Problem description: Copy out the lines beginning at the one with "Kunstwerk von Marina" and ending at the last line of the data, both included; pictures stay out.

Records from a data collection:
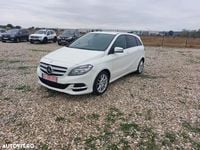 Second-hand Mercedes B200 Urban 156 CP (114 kW) 2015 Culoarealb Monovolum
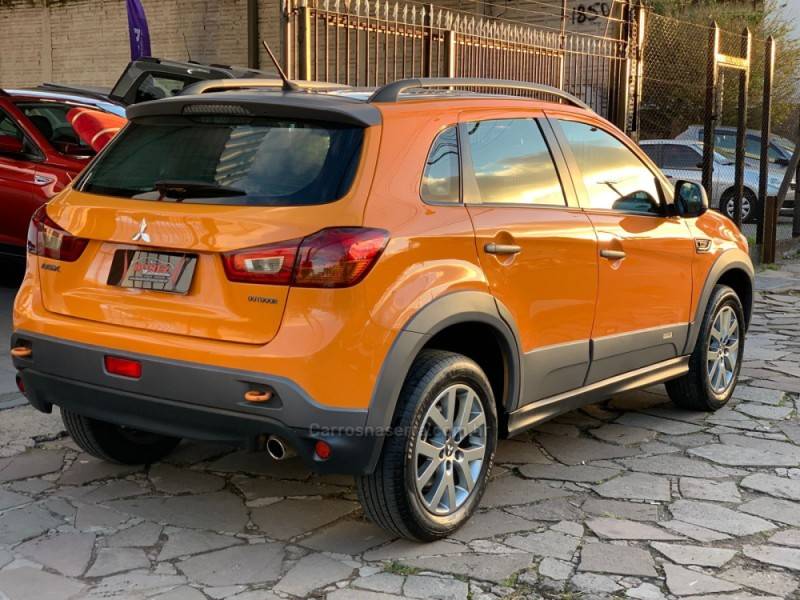 MITSUBISHI - ASX - 2015/2016 - Laranja - R$ 77.990,00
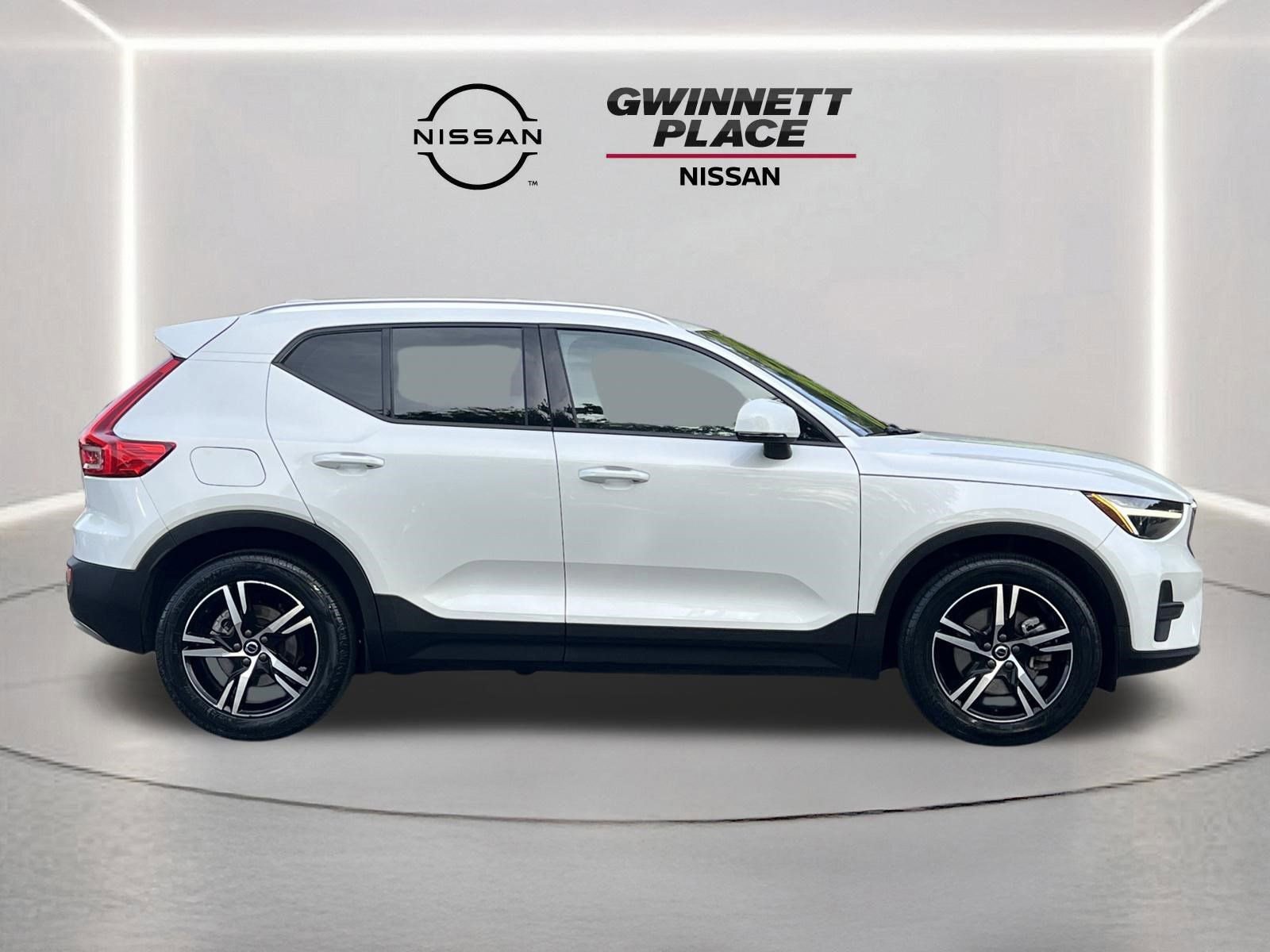 Used 2023 Volvo XC40 B5 Core AWD/4WD image 26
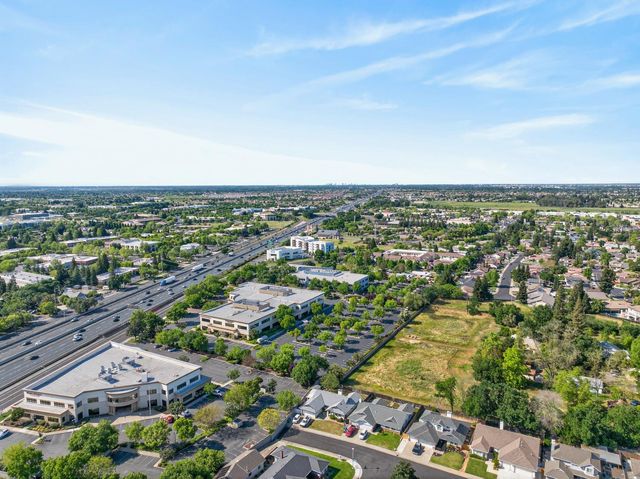 8560 Jester Ct, Elk Grove, CA 95624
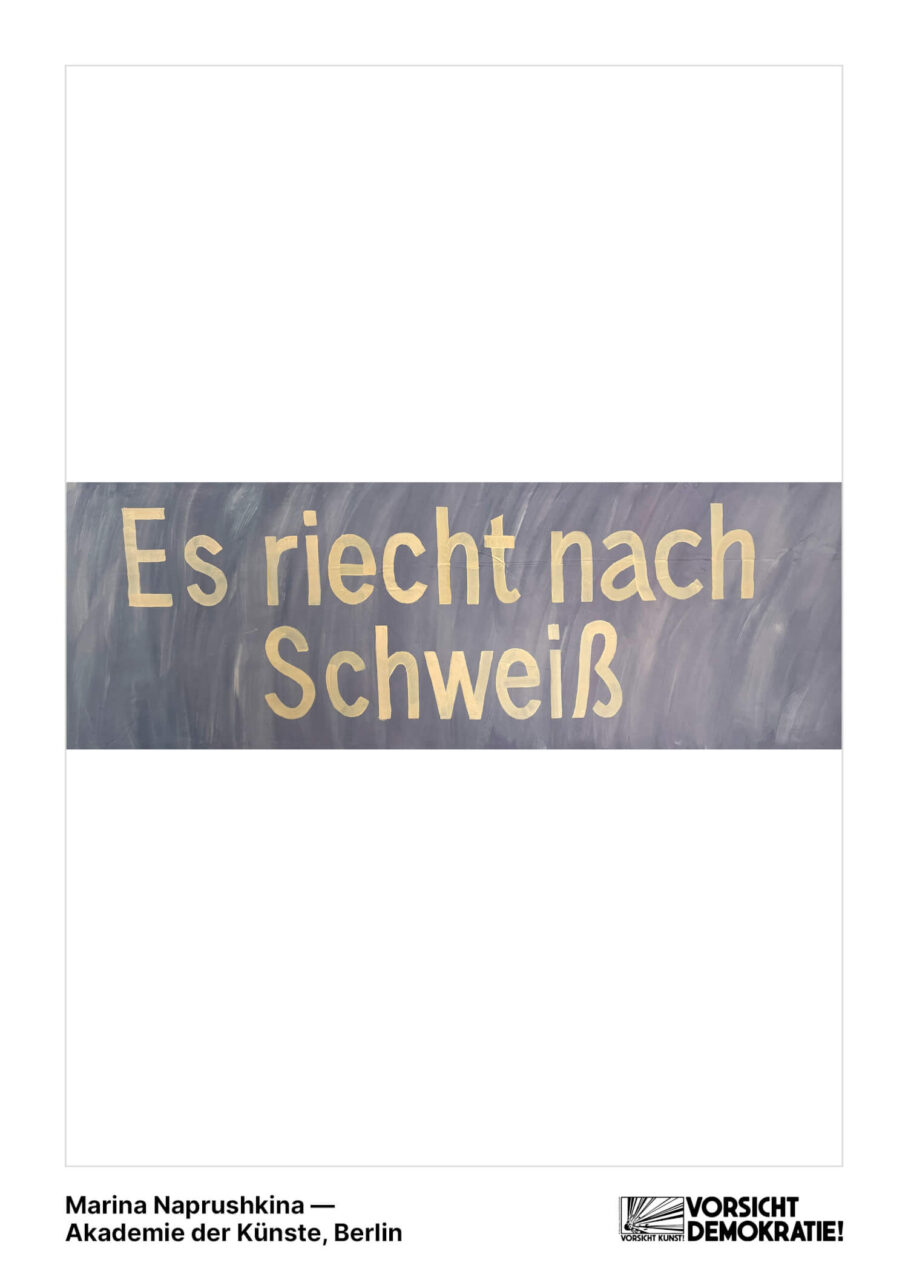 Kunstwerk von Marina Naprushkina mit der Aufschrift "Es riecht nach Schwei&szlig;" auf grauem Hintergrund.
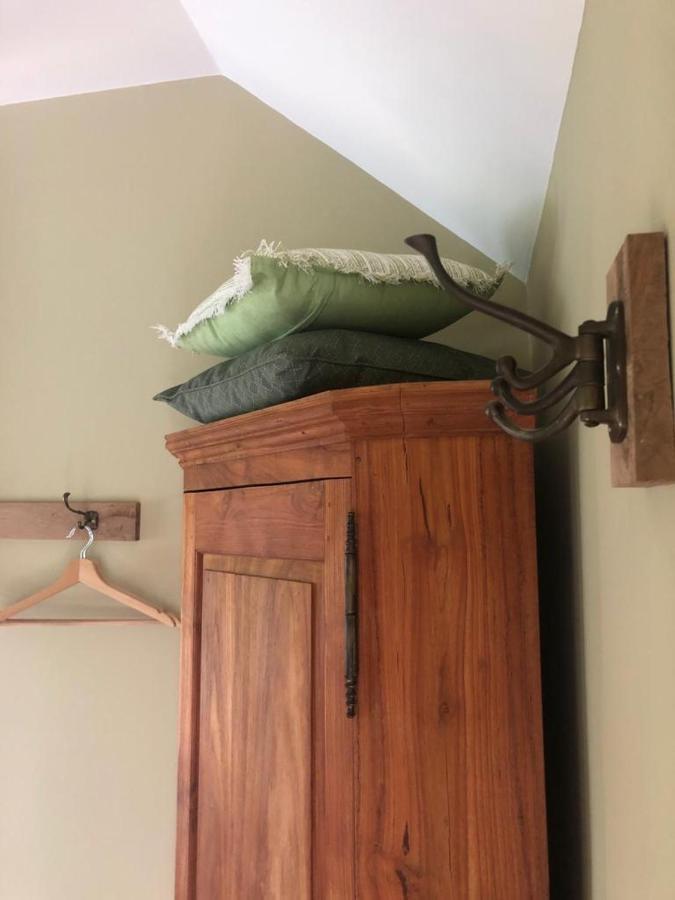 The Cat And The Owl B&B フルンロー エクステリア 写真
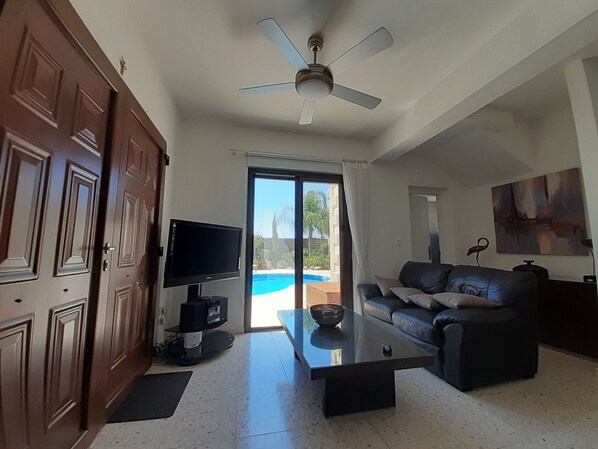 TV, fireplace, DVD player, books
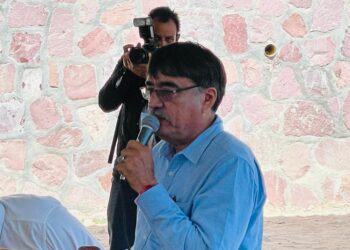 ‘’La educación es tarea de todos, es un reto enorme y no somos ajenos a ello’’: alcalde Oscar Leggs Castro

Written answer:
 Kunstwerk von Marina Naprushkina mit der Aufschrift "Es riecht nach Schwei&szlig;" auf grauem Hintergrund.
 The Cat And The Owl B&B フルンロー エクステリア 写真
 TV, fireplace, DVD player, books
 ‘’La educación es tarea de todos, es un reto enorme y no somos ajenos a ello’’: alcalde Oscar Leggs Castro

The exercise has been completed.